I noticed you were selling quite a few tivo's and you seem to be quite the expert so I thought I'd reach out for help. 

My dad has Charter cable at his house, but he's using extremely old CRT tv's with no cable boxes. He simply connects the coax from the wall to the back of the tv and changes the channel on the tv with no guide from 1 to 99. 

I recently bought him a newer LCD TV (monitor is probably the better term) that does no have the coax cable in connection. Therefore, he can't use it to view the cable since he has no cable box and I don't believe the TV has no tuner. 

What's the best way to get the cable to the TV? He refuses to get or pay for a cable box. Would he need a cable card if I bought one of your Tivo's? 

I'm basically looking for something that will allow him to take the coax to the TV without any monthly fees. 
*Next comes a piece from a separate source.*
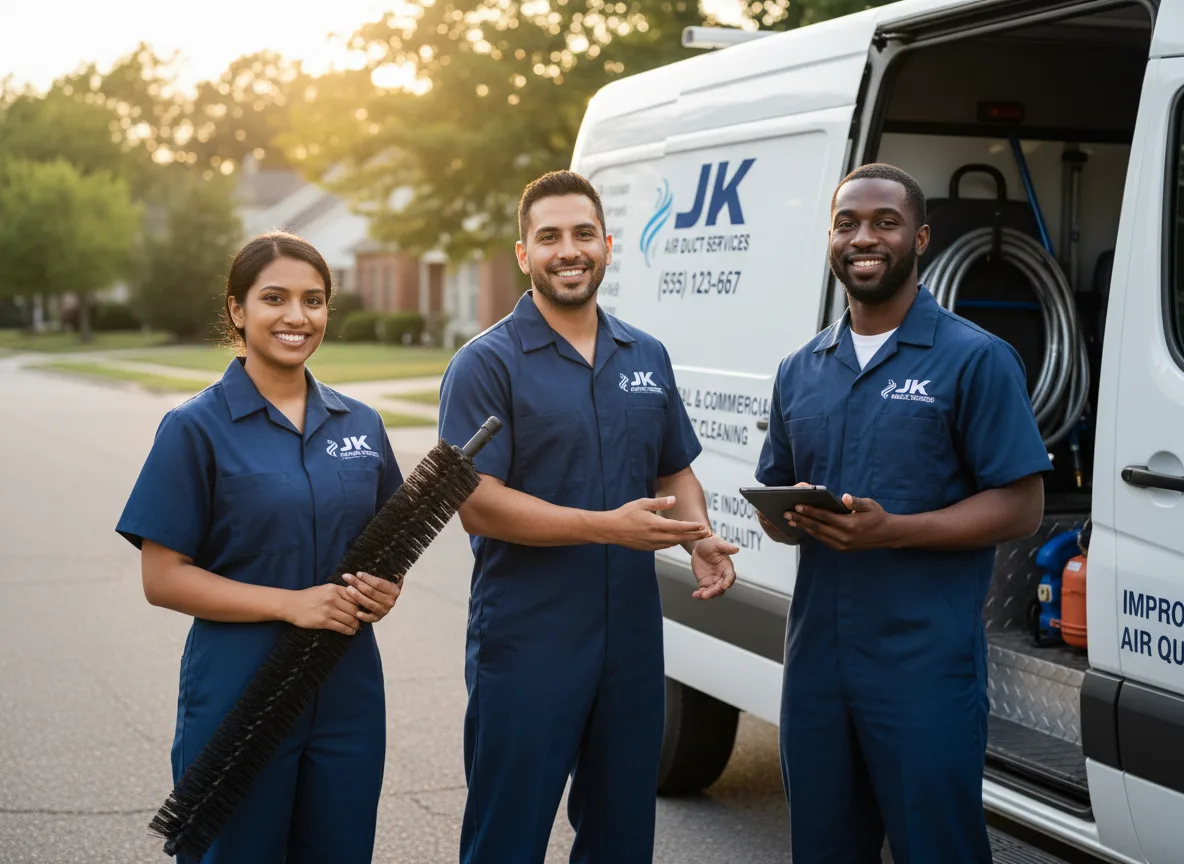 Air Duct Cleaning company in Crockett, VA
Sorry for the long winded post, but let me know what you think. I wouldn't want to buy a box he can't use or that will be a monthly expense for him. 

Thanks for all the help!


----------



## unitron

sll0037 said:


> Hi There!
> 
> I noticed you were selling quite a few tivo's and you seem to be quite the expert so I thought I'd reach out for help.
> 
> My dad has Charter cable at his house, but he's using extremely old CRT tv's with no cable boxes. He simply connects the coax from the wall to the back of the tv and changes the channel on the tv with no guide from 1 to 99.
> 
> I recently bought him a newer LCD TV (monitor is probably the better term) that does no have the coax cable in connection. Therefore, he can't use it to view the cable since he has no cable box and I don't believe the TV has no tuner.
> 
> What's the best way to get the cable to the TV? He refuses to get or pay for a cable box. Would he need a cable card if I bought one of your Tivo's?
> 
> I'm basically looking for something that will allow him to take the coax to the TV without any monthly fees.
> 
> Sorry for the long winded post, but let me know what you think. I wouldn't want to buy a box he can't use or that will be a monthly expense for him.
> 
> Thanks for all the help!


If it doesn't have a co-ax nipple on the back, then I assume it doesn't have a tuner of any kind, which means it's not a television, it's a video monitor.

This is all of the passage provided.